Just days after the notoriously publicized Wynn Resorts said they may look to sell their newly-erected Encore Boston Harbor casino to MGM, on Tuesday evening both parties announced how any potential deals have now been called off.
MGM Resorts, who also operate the Springfield casino in Massachusetts, said in a statement “We have noted the anxiety raised by various stakeholders regarding a transaction and this troubles us at MGM. We only wish to have a positive impact on communities in which we operate. We think the best course of action is to discontinue discussions concerning this opportunity. We wish the company and the Everett community all the best and look forward to visiting their beautiful resort when it opens and welcoming the 5,600 employees to our industry.’’
The brand-new $2.6 billion casino was originally due to open on June 23, however, officials said that there may be a delay in opening by a couple of weeks. The establishment will be home to a 27-storey hotel with over 600 guest rooms, 15 restaurants and bars, craft beer garden, large convention area, as well as a large-scale gambling hall featuring more than 3,000 electronic gaming machines and several gaming tables.
Analysts forecasted that the casino can expect up to 8 million visits each year, and both state officials and representatives of Wynn Resorts have already implemented plans which would manage the traffic control in the area, on top of providing an exclusive shuttle service.
A Change of Heart
But on Friday last week, the arraigned Las Vegas-based operators said that they were in preliminary talks with MGM Resorts over their forces taking ownership of the casino instead. Due to the state only allowing 1 gaming license per operator, if such a sale did go through – MGM would have been forced to give up their Springfield facility; said to be performing incredibly well since it first opened in August last year.

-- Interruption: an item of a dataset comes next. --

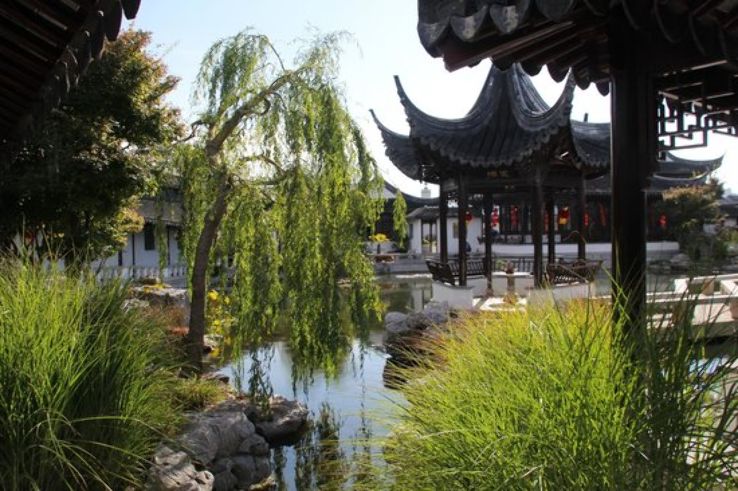 Dunedin Chinese Garden Trip Packages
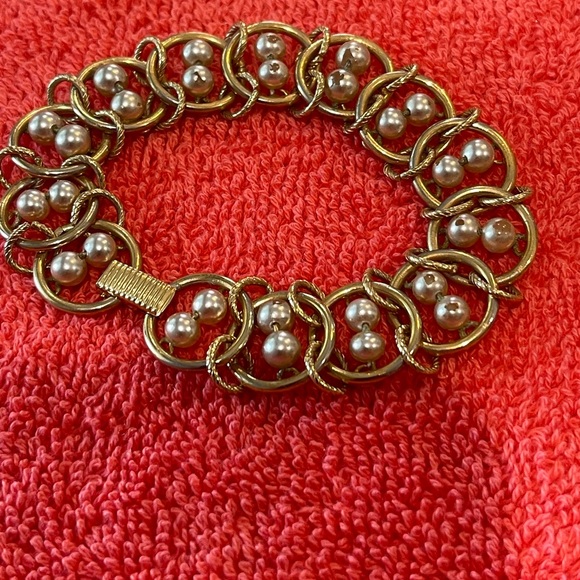 Goldette NY Jewelry Vintage Goldette Ny Bracelet Poshmark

The Mayor of Springfield, Domenic J. Sarno said how he thought the discussions between Wynn and MGM were unlikely to result in a sale, and is glad that MGM have decided to stay put in the city. “We have a good relationship with MGM, they are a good corporate citizen and they are the cream of the crop,” he cited. “I’m happy. We work well together.”
When residents of Springfield voted for MGM as the city’s casino operator last year, the agreement outlined that they are to hand over $25 million per annum in property tax payments, along with payments for Riverfront Park improvements and surrounding communities, community impact payments, as well as several over outgoings.
The Springfield casino set the company back by $960 million when it was first developed; only a month after it first opened, they had already reached their highest one-month take at $26.9 million.
Even though owning a casino in Boston could pose some very lucrative benefits for the MGM chain – surrendering a license for an already highly successful casino, as well as breaking their commitment to their hosting communities, have made them think twice about closing a deal with Wynn Resorts.
Some Are Pleased With the Outcome
The Mayor of Everett, Carlo DeMaria expressed his views on the recent turn of events after both companies released their statement on Tuesday. He cited how he has been against the sale of the casino since it was first proposed last week, and how the original agreement with Wynn Resorts would invalidate the transfer of ownership anyway.
“We’re not going to budge, we’re not going to allow another resort to buy this facility,” he pledged during talks with Radio Boston on Tuesday.
“Especially if they’re not a five-star resort like Wynn is, a company that can really draw an international clientele, really create the destination resort feel.”
“That’s what was portrayed to us by the CEO and founder [Steve Wynn] himself,” he added.
Wynn Resorts was fined $35 million from the Massachusetts Gaming Commission at the start of May. The massive penalty was served as a punishment for the company’s negligence in disclosing sexual misconduct claims towards Steve Wynn.
With the 31st May deadline looming over the company’s heads, Wynn Resorts now have limited time to make a decision as to whether they pay the fine, or abandon their operations in Massachusetts altogether.